Proliferative response of isolated T cell subsets. Buffy coat samples were sorted based on CD4, CD127, and CD25 expression. 30,000 sorted cells were put into culture with allogeneic anti-CD3–depleted, irradiated, third-party PBMCs as stimulators. T cells were incubated for 7 d at 37°C in 5% CO₂. 16 h before the end of the incubation, 1 μCi ³H-thymidine was added to each well. Plates were harvested and data were analyzed. Data are representative of nine separate experiments.

Figure 7.

Suppression of allogeneic MLR by individual T cell subsets. Buffy coat samples were sorted based on CD4, CD127 and CD25 expression. 30,000 sorted cells were combined with 100,000 autologous PBMCs as responders, and 100,000 allogeneic anti-CD3–depleted, irradiated third-party PBMCs as stimulators. T cells were incubated for 7 d at 37°C in 5% CO₂. 16 h before the end of the incubation, 1 μCi ³H-thymidine was added to each well. Plates were harvested and data were analyzed. Data representative of nine separate experiments sorting seven different subpopulations of CD4⁺ cells indicated (a) CD127⁺CD25⁺, CD127⁺CD25⁻, CD127^lo/−CD25⁺, CD127^lo/−CD25⁻ and (b) CD127^lo/−, CD25^hi, CD127⁺. 100,000 responders are present in each well with decreasing numbers of sorted cells added at 1:1 ratio (30,000:100,000), 1:1/2 (15,000 sorted cells), 1:1/4 (7,500 sorted cells), 1:1/16 (1,875 sorted cells) in comparison to sorted cells alone.

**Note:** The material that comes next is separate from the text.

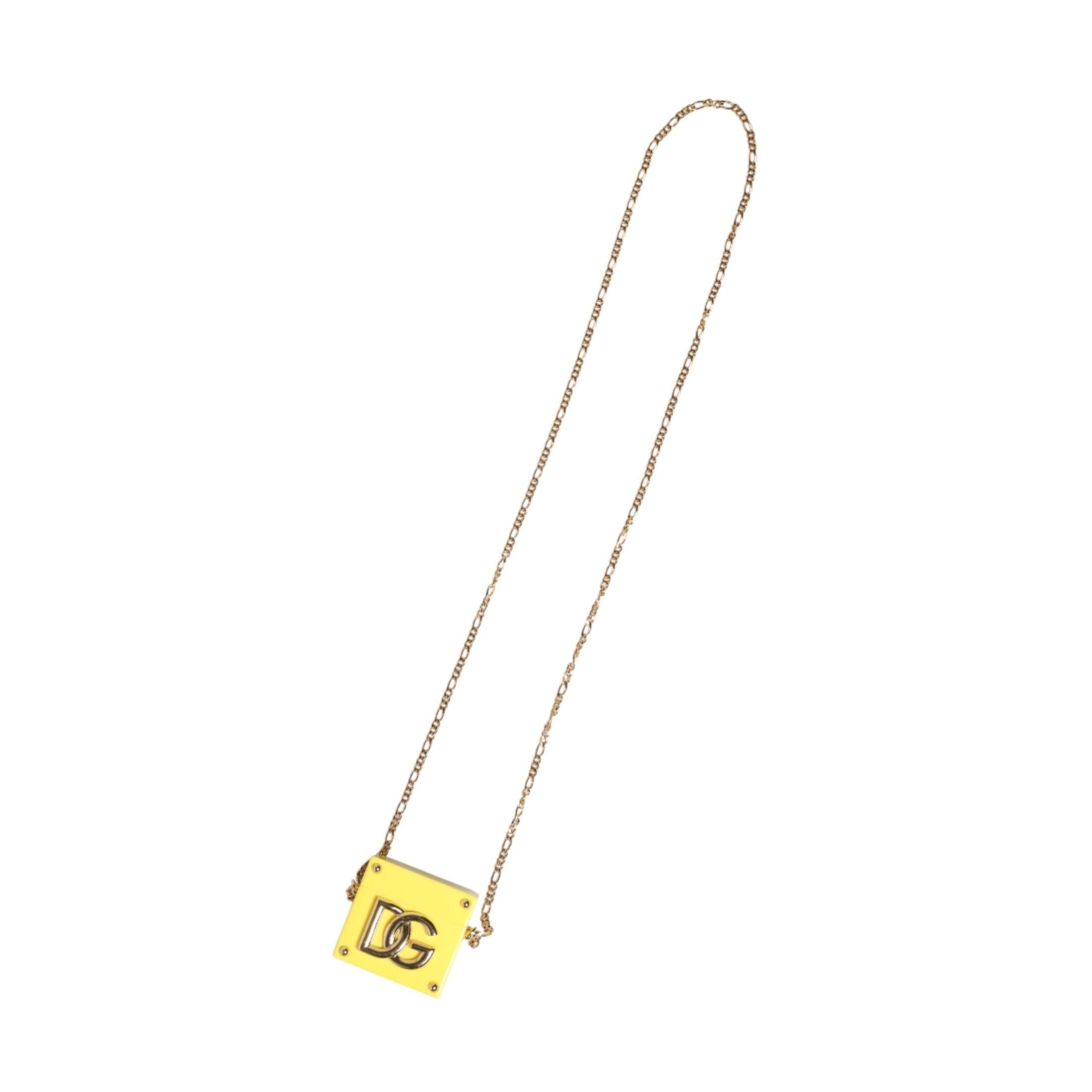Dolce & Gabbana Yellow DG Logo Plaque Cover Gold Chain Airpods Case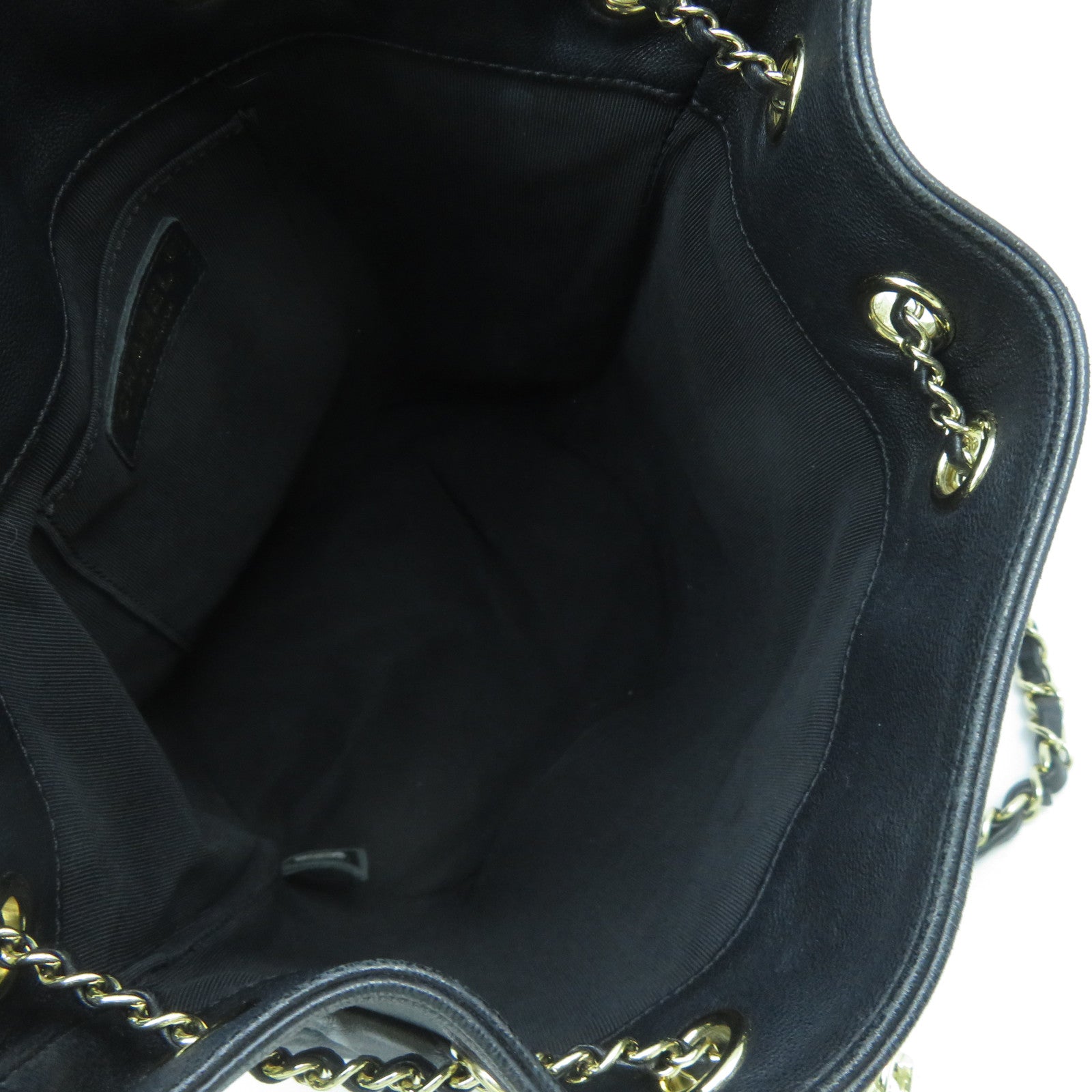 CHANEL 斜紋羊皮皮革Chain Shoulder Bag金扣鏈帶肩背袋黑色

Results are represented as counts per minute (CPM).

Figure 8.

Frequency of various T cell subsets in patients with T1D versus healthy control subjects. (a) FACS data are depicted from two healthy control and two individuals with T1D. Individual histograms are depicted to show the FoxP3 expression in CD4⁺ T cells subdivided into the various CD25 and CD127 subsets. (b) Individual FoxP3 expression data is depicted from total 10 healthy control individuals and 16 patients with T1D. Each symbol represents an individual subject and the narrow bar represents the mean percentage of FoxP3⁺ T cells in various T cell subsets (CD4⁺ T cells gated based on CD25 and/or CD127 expression as indicated at the bottom of the graph).